**AVAILABLE DATA**.
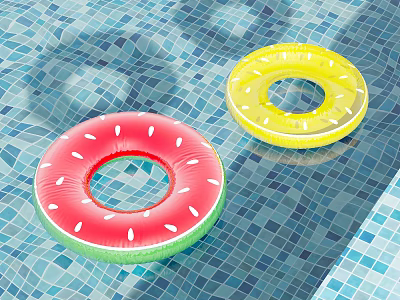 Colorful Inflatable Swimming Rings As Water Sports Equipment Floating On Blue Mosaic Pool Tiles 3d model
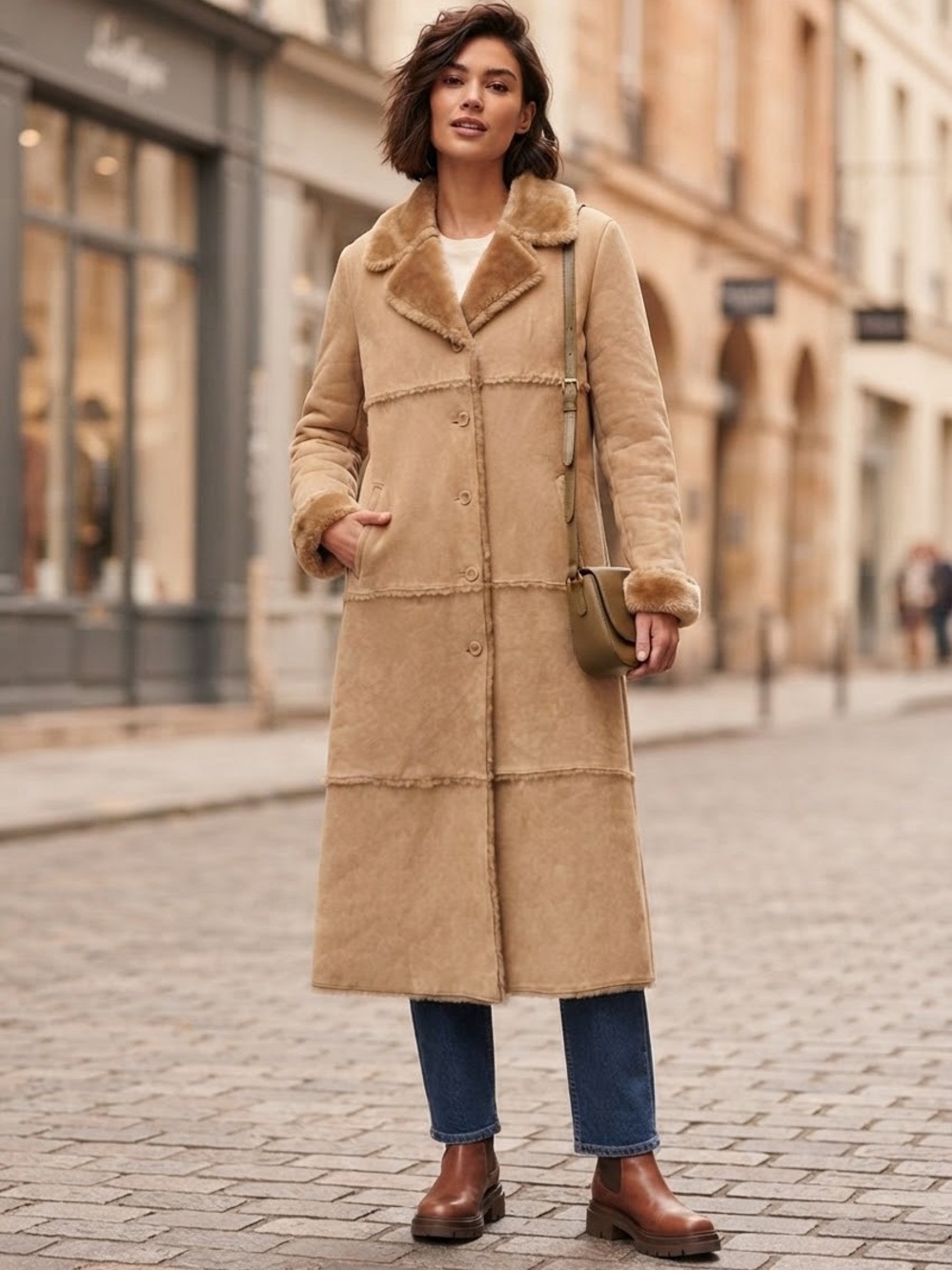 Vintage Women’s XL Genuine Suede Long Brown Tan Sherpa Coat 90s Y2K Soft Fur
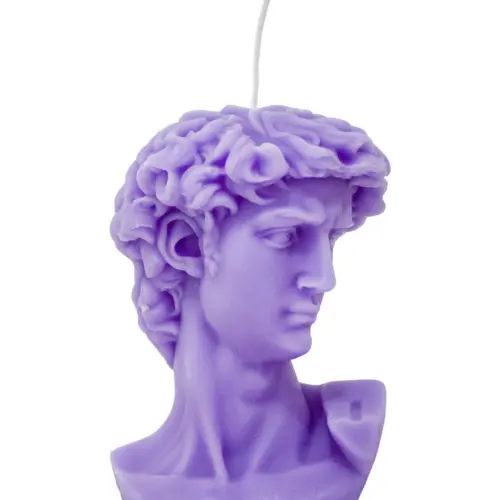Vela decorativa diseño busto de escultura lila de 5.5x9x14cm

**TASK TO COMPLETE**. Your answer must be only the lines from the one that holds "Vintage Women’s XL" to the end of the listing, each restated word for word, with both ends kept and pictures left out.

**ANSWER SPACE**.
 Vintage Women’s XL Genuine Suede Long Brown Tan Sherpa Coat 90s Y2K Soft Fur
Vela decorativa diseño busto de escultura lila de 5.5x9x14cm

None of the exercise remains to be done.